The problem
In the data below, set down exactly the lines from the one containing "ganoderma gyógygomba" up to and including the one containing "Х0Р0ШП БЫТЬ КОТПМ". Leave the pictures out.

Material shown
Start of Block

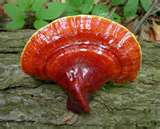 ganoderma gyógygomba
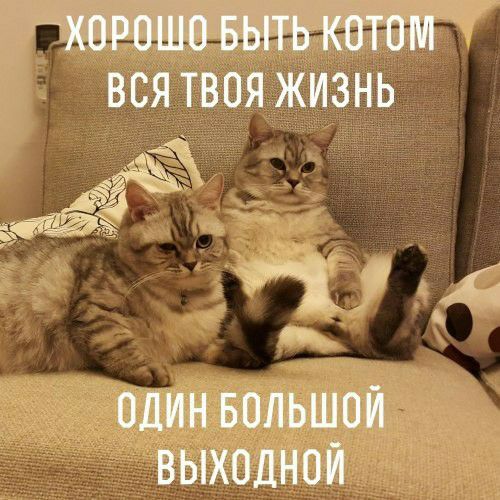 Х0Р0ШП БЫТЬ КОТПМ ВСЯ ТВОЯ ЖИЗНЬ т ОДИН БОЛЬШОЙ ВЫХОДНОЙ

End of Block
Start of Block

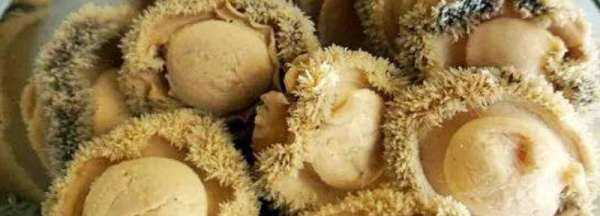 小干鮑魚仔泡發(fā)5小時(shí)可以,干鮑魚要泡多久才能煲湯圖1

End of Block

Answer
 ganoderma gyógygomba
 Х0Р0ШП БЫТЬ КОТПМ ВСЯ ТВОЯ ЖИЗНЬ т ОДИН БОЛЬШОЙ ВЫХОДНОЙ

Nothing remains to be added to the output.